# What you have to do:
Every record below is to be restated word for word, and no picture is to be copied.

# Records to use:

■ ■ ■ ■ ■ ■ ■

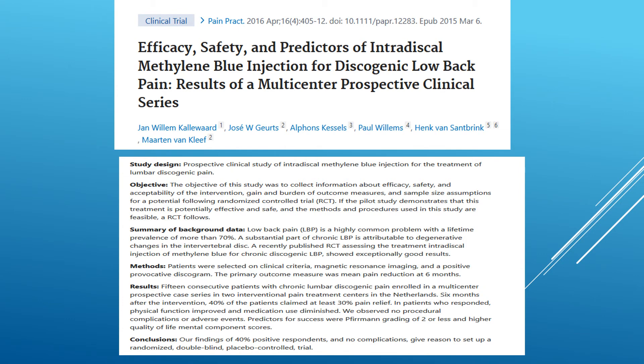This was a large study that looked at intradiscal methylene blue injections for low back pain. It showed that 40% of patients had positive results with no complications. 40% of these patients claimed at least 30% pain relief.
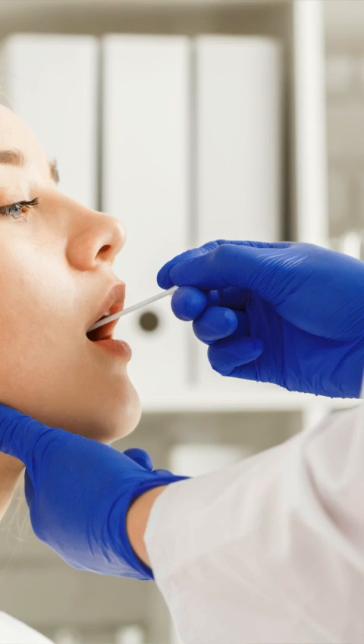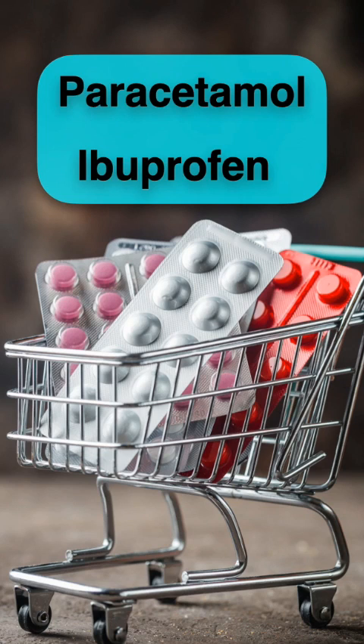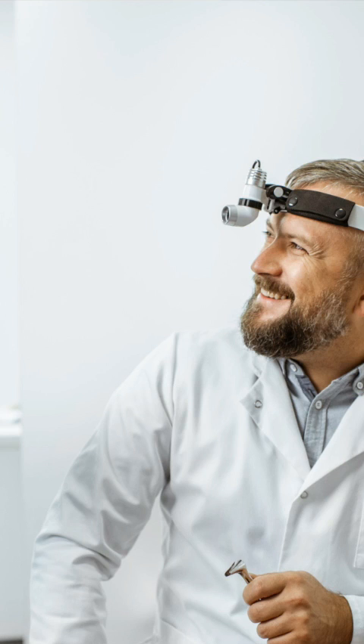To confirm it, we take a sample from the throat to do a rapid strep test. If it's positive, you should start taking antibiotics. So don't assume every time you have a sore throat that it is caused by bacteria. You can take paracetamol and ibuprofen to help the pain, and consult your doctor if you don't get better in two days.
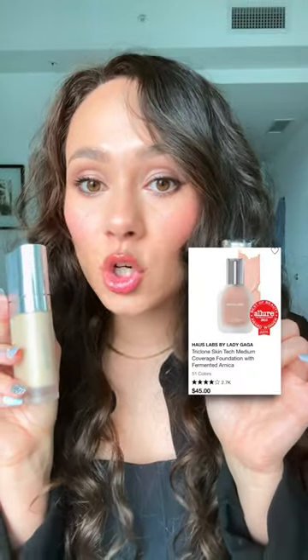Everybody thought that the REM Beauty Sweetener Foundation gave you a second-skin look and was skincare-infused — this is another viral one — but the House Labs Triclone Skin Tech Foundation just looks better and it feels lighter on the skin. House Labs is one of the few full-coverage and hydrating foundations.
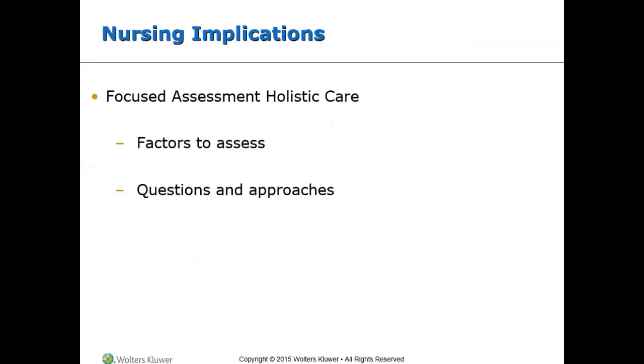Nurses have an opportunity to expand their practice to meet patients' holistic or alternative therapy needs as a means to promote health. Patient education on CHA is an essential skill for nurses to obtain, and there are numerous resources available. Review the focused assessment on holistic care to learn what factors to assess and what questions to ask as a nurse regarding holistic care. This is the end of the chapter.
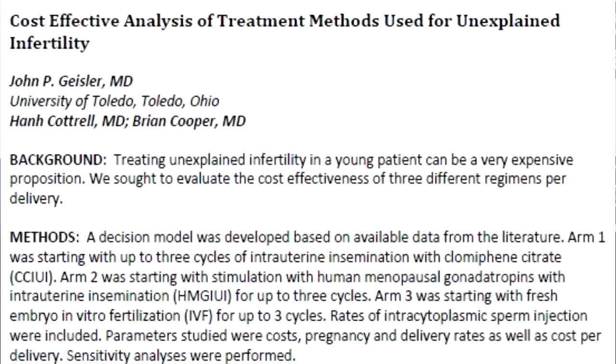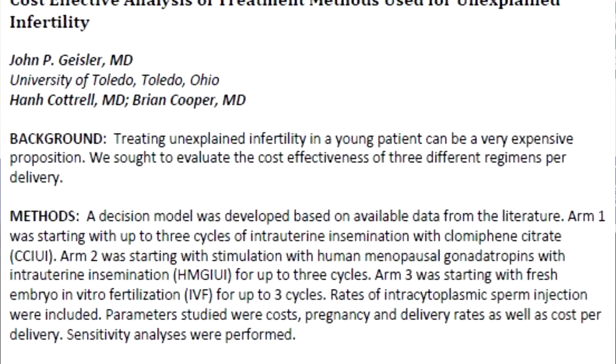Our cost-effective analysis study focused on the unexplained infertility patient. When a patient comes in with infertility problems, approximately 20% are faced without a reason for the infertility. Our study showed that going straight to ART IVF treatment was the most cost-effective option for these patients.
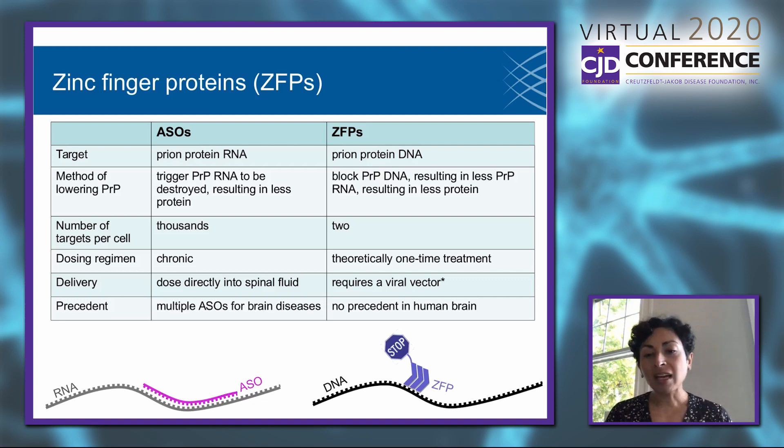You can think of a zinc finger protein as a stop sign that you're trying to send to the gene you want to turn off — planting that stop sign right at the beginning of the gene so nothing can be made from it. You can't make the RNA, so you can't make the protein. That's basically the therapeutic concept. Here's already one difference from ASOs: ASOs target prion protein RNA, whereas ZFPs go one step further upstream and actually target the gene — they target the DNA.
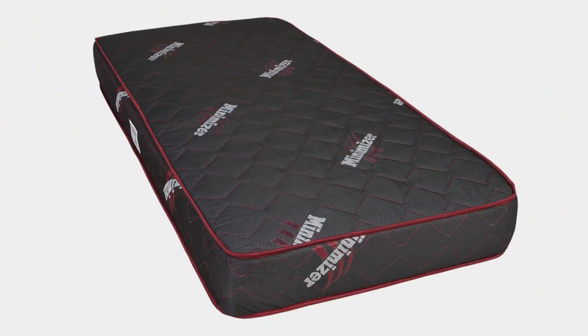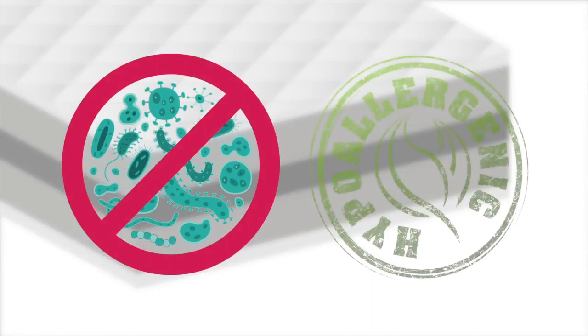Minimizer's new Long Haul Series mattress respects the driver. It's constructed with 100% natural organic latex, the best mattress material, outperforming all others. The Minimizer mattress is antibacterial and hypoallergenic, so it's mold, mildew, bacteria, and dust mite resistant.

■ ■ ■ ■ ■ ■ ■

# Your solution:
This was a large study that looked at intradiscal methylene blue injections for low back pain. It showed that 40% of patients had positive results with no complications. 40% of these patients claimed at least 30% pain relief.
To confirm it, we take a sample from the throat to do a rapid strep test. If it's positive, you should start taking antibiotics. So don't assume every time you have a sore throat that it is caused by bacteria. You can take paracetamol and ibuprofen to help the pain, and consult your doctor if you don't get better in two days.
Everybody thought that the REM Beauty Sweetener Foundation gave you a second-skin look and was skincare-infused — this is another viral one — but the House Labs Triclone Skin Tech Foundation just looks better and it feels lighter on the skin. House Labs is one of the few full-coverage and hydrating foundations.
Nurses have an opportunity to expand their practice to meet patients' holistic or alternative therapy needs as a means to promote health. Patient education on CHA is an essential skill for nurses to obtain, and there are numerous resources available. Review the focused assessment on holistic care to learn what factors to assess and what questions to ask as a nurse regarding holistic care. This is the end of the chapter.
Our cost-effective analysis study focused on the unexplained infertility patient. When a patient comes in with infertility problems, approximately 20% are faced without a reason for the infertility. Our study showed that going straight to ART IVF treatment was the most cost-effective option for these patients.
You can think of a zinc finger protein as a stop sign that you're trying to send to the gene you want to turn off — planting that stop sign right at the beginning of the gene so nothing can be made from it. You can't make the RNA, so you can't make the protein. That's basically the therapeutic concept. Here's already one difference from ASOs: ASOs target prion protein RNA, whereas ZFPs go one step further upstream and actually target the gene — they target the DNA.
Minimizer's new Long Haul Series mattress respects the driver. It's constructed with 100% natural organic latex, the best mattress material, outperforming all others. The Minimizer mattress is antibacterial and hypoallergenic, so it's mold, mildew, bacteria, and dust mite resistant.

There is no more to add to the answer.